I'm still so grateful that my wonderful friend came to see me off, and imortalized that moment with a photo of me with my hopes and dreams stuffed into a very heavy backpack, and picnic basket with Spencer inside.

          It's always sort of jarring to be able to look back at who you used to be. I've lost half of the items in this photo, but also gained a lot of perspective.  This has been a tough year.  To be completely honest (as I have always been on this blog) one of the hardest things was coping with regret.  Wondering how much happier I could’ve been if I hadn’t moved.
          The hospital was when my perspective really changed.  Starting then, I’ve lost an average of one person a week.  Best friends, the closest I have to family, who knew how much I loved and valued them, and with this year’s challenges knew how much I needed them, deciding they could no longer do it.  And I don’t blame them.  My life is tough; some days I feel like I’d opt out if I could.
And in these hard thoughts, I’ve considered, what if I hadn’t gotten sick?  Or if I hadn’t moved?
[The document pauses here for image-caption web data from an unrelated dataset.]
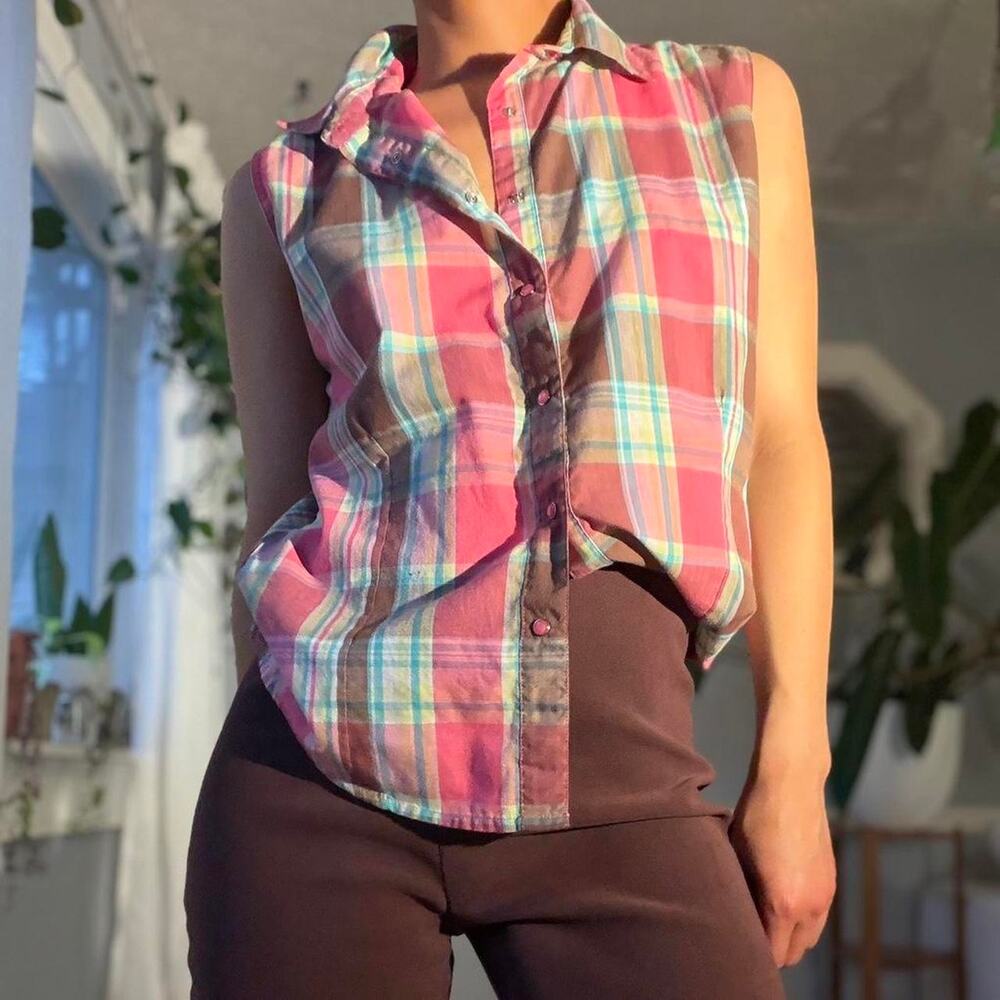 Wrangler Pink Plaid Sleeveless Button-Up Top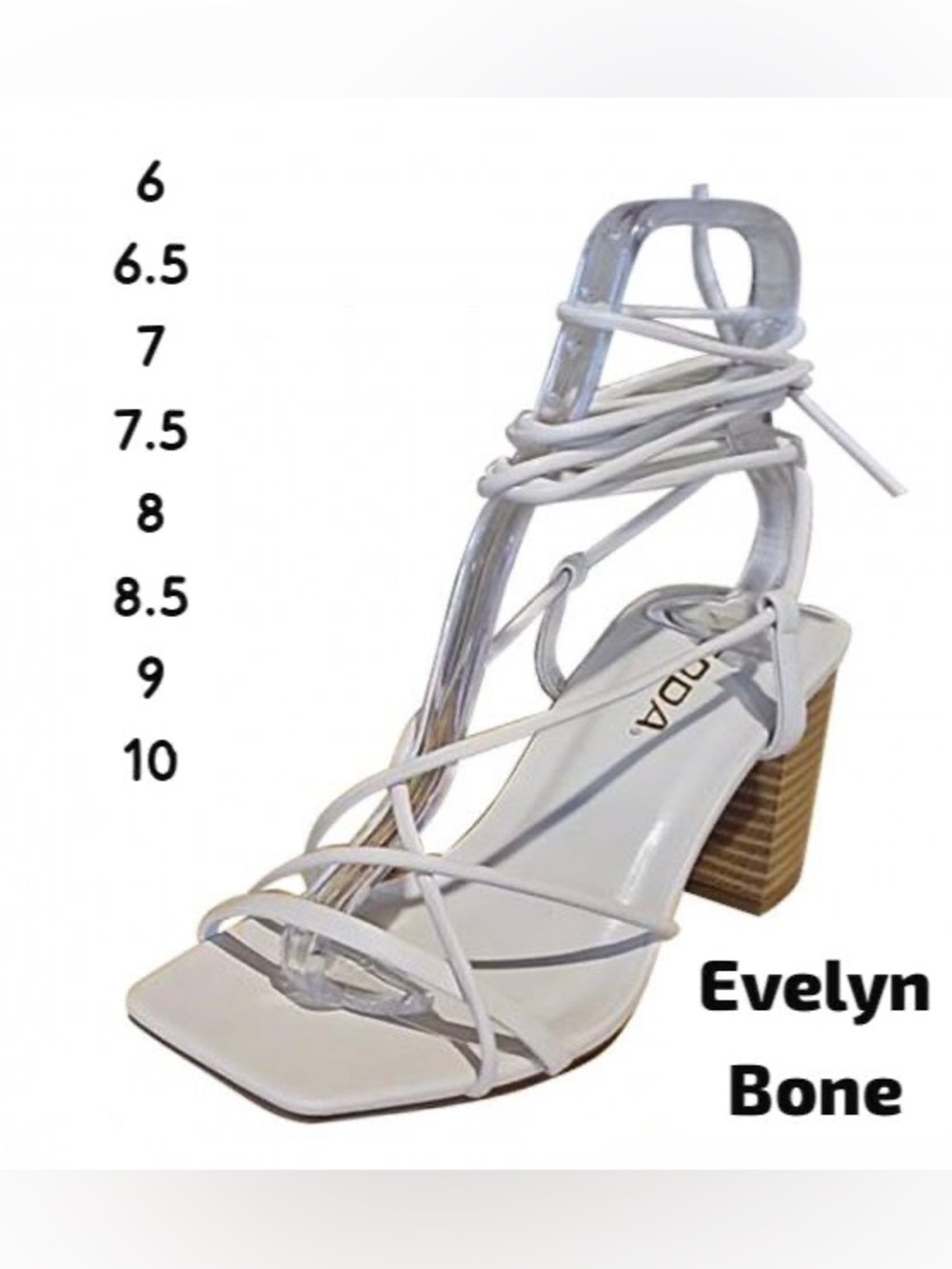 Soda Evelyn Bone Strappy Block Heel Sandal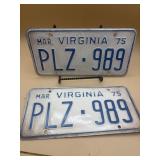 1975 pair of Virginia license plate plates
Would I still have those people in my life?  Are the people that I have left only still here because they weren’t in the same city to be challenged as my friends here were?  Am I doomed never to have people consistently in my life?  How much of this could’ve been avoided if I had stayed in Philadelphia?
          But you know what?  When I went back to Philly I found those same friends and some new ones happily waiting to hug me after almost a year apart.  I used to think no one would be in my life for longer than a year, and my friends vanquished that fear.
          And just like I’ve lost half of what was in that photo a year ago; I’ve gained a lot too.  A year ago I thought dreams were more important than reality.  Now I’ll never gamble my current happiness for something that I hope is better.  A year ago I thought I had to be in LA to do TV-Film; now I know that art is who I am.  No matter where I am I will be creating.  And after a year of mostly trying to survive, I know that I’d rather go where survival is easier and to the friends who won’t let me feel lonely.  A year ago I thought that love could conquer all.  Now I know it’s a little baby that you have to nourish and care for and protect.  A year ago I left a city thinking that life outside college would always be that great; now I know it was that city that made life so magical.  A year ago I left behind friends that I knew I would miss; now I know that they are my family.  A year ago I was lost and now know where home is.  
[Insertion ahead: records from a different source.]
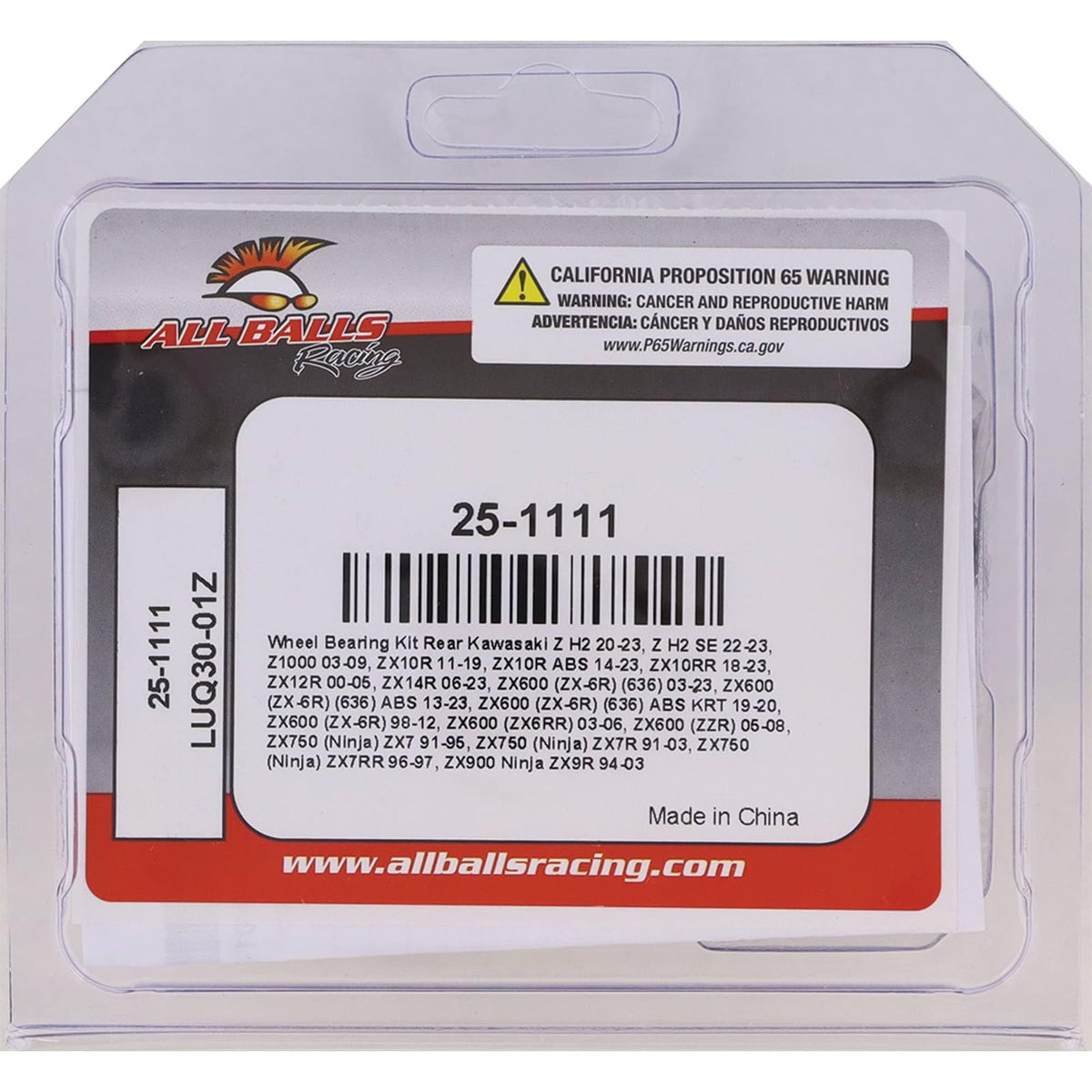All Balls Racing Juego de Sellos de Rodamientos de Rueda Compatible con Kawasaki Z H2 2020-2022, Z H2 SE 2022, Z1000 2003-2009, ZX10R 2011-2019, Rojo, 25-1111
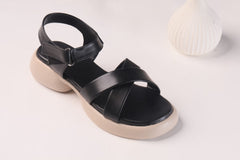 WALKBROS MEDICATED WEDGES SANDALS {  2  } - BLACK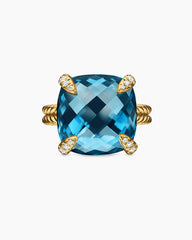 Chatelaine® Ring in 18K Yellow Gold with Hampton Blue Topaz and Diamonds, 14mm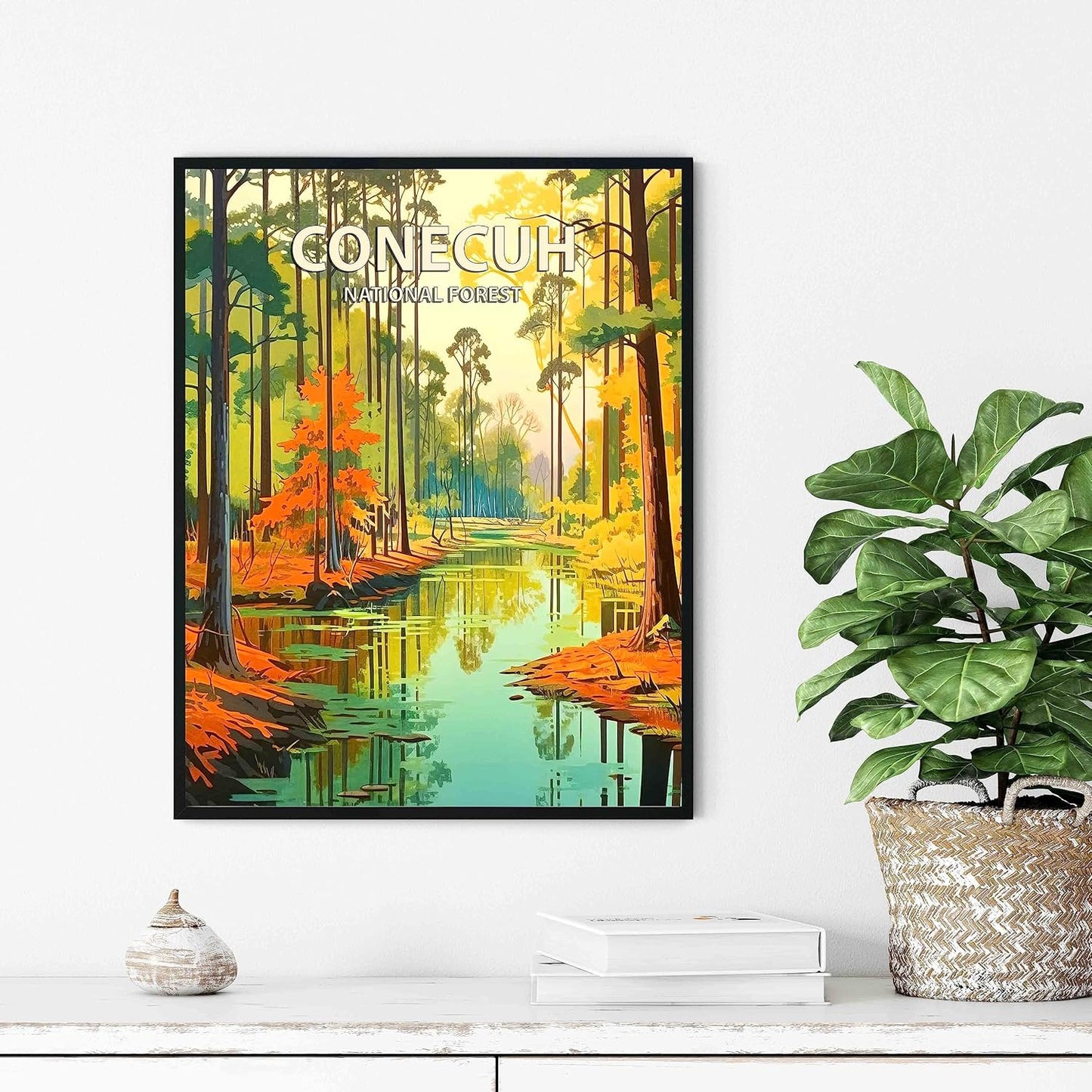 Conecuh National Forest Poster Art Print Retro Mountain Wall Art Poster Vintage Decor Nature Recreation Wilderness Wildlife Decoration, Outdoor Adventure Scenic Beauty Artwork. (Conecuh National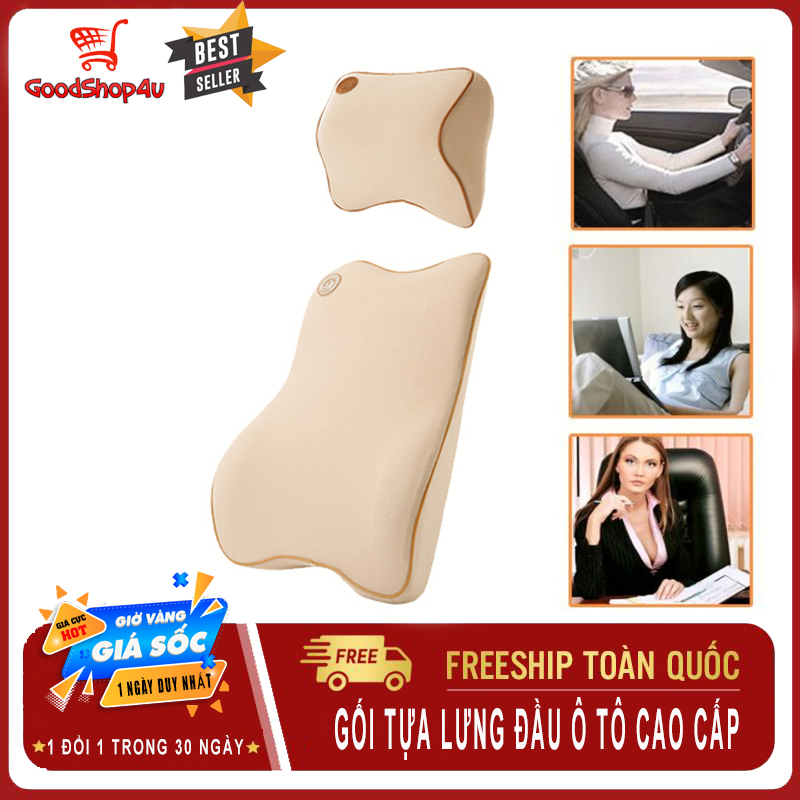 Bộ gối tựa đầu và lưng ô tô chất liệu cao su non có đai giữ phía sau, siêu đàn hồi, chống đau mỏi lưng cho người ngồi ghế ô tô, VP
          So I can’t regret this year.  It’s helped me learn to really invest in that and those that I love; and that being where you are happy is more important that going to where you think you “should be.”  As far as health goes?  This year was rough; and now I know that no matter how invincible I think I am, that hospitals are always a possibility.  So I want to spend investing in what makes me happy and what will help me pull through when things get rough.
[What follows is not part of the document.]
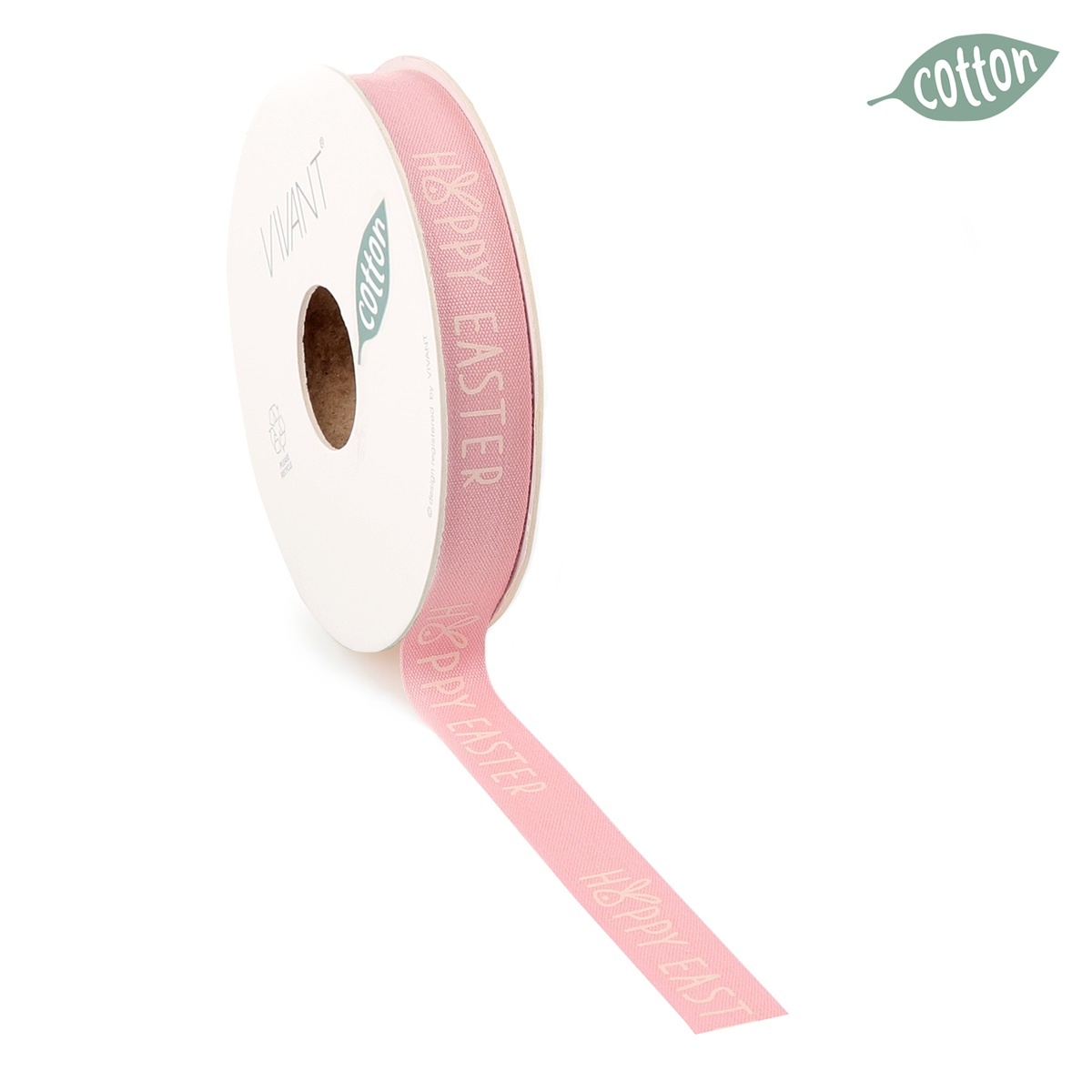 Ruban de Pâques en coton - rose - 15 mm x 20 m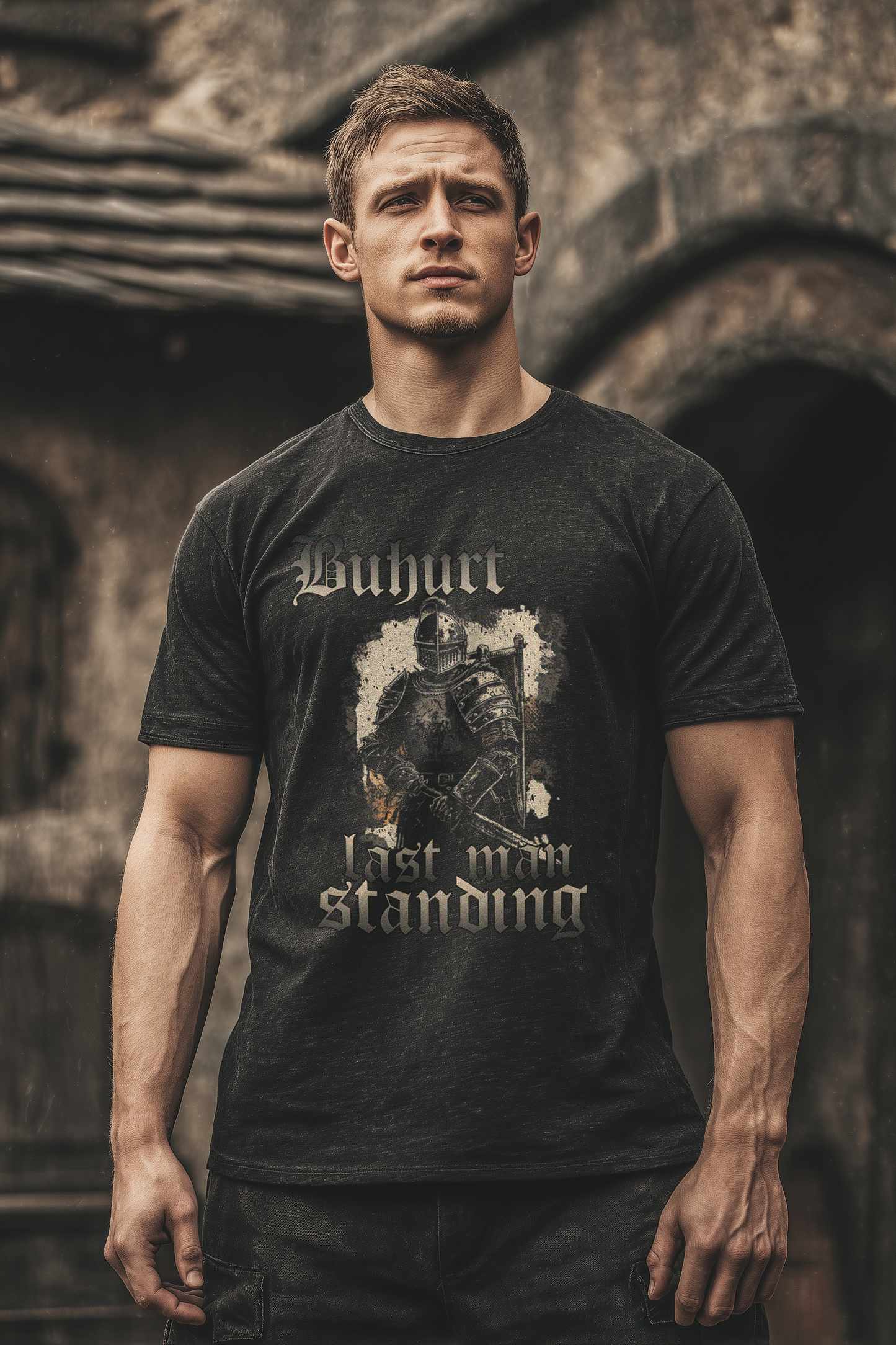 Herren Premium T-Shirt  | Buhurt „Last Man Standing“ | Bouhourt Shirt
Now that it’s been a year, I’m ready for the next adventure. 

Monday, April 25, 2016

Grief, Guilt and Gratitude

            Few things feel as futile as having friends get mad at you over text message.
And before I continue, I just want to say that this isn’t a passive aggressive post about anyone in particular; it’s just me discussing something I’ve experienced with many people over the last year.

            I don’t know why I’ve lost so many friendships in the last 365 days. 

            It could be that five years on the east gave me a different energy from the west, making us incompatible.  And then it could be that this year on west coast soiled my east coast aura. 
            Perhaps it’s that I’ve made serious judgements about where I am and where I need to be, and perhaps some friends falsely assume that they are the source of the negative realizations.  
            Maybe I’ve changed into someone meaner than I used to be, unintentionally pushing away those that are trying to help.  Or maybe being sick required more of my friends than they wanted to take on.
            Potentially I’m not clear enough in what I need; or potentially I’m too clear in what I expect.
            It may be that I didn’t give back enough to those that I love; or it may be that I love my friends more than they can handle.
            It’s possible that people expected me to be stronger than I’ve been, or it’s possible that my determination could be seen as stubbornness rather than strength.  

            All I know is that I’m an outsider, who’s ready to move again, trying to be low maintenance, certain of what I need from my friends, prepared to love them unconditionally, and trying to regain my strength after a really rough year.
            And somehow something in that has caused me to lose a lot of those that I love.

            And these texting fights are like trying to have a conversation in the middle of a musical number.  The orchestra is set to play on no matter what happens, the rhymes have been decided, the key has already determined the mood, and I have a strict time constraint in which I must blurt out my responses.  I am not in control, the outcome has already been decided; there is a musical theme introduced at the beginning of the conversation that continues until the finale and the final curtain of our friendship.  I wish instead to take my time, like a chess game consider every possible response, with the lowered stakes of trying to figure out which door on the right is a friend’s bathroom.  But that is not the setting.
            And when the music starts, I don’t know how to win.  Arias of sadness and mistreatment are being belted at me; and at that point, how can I interject?  It’s already their number, their objective is decided, and no attempt at harmony can change what they hear as discordant.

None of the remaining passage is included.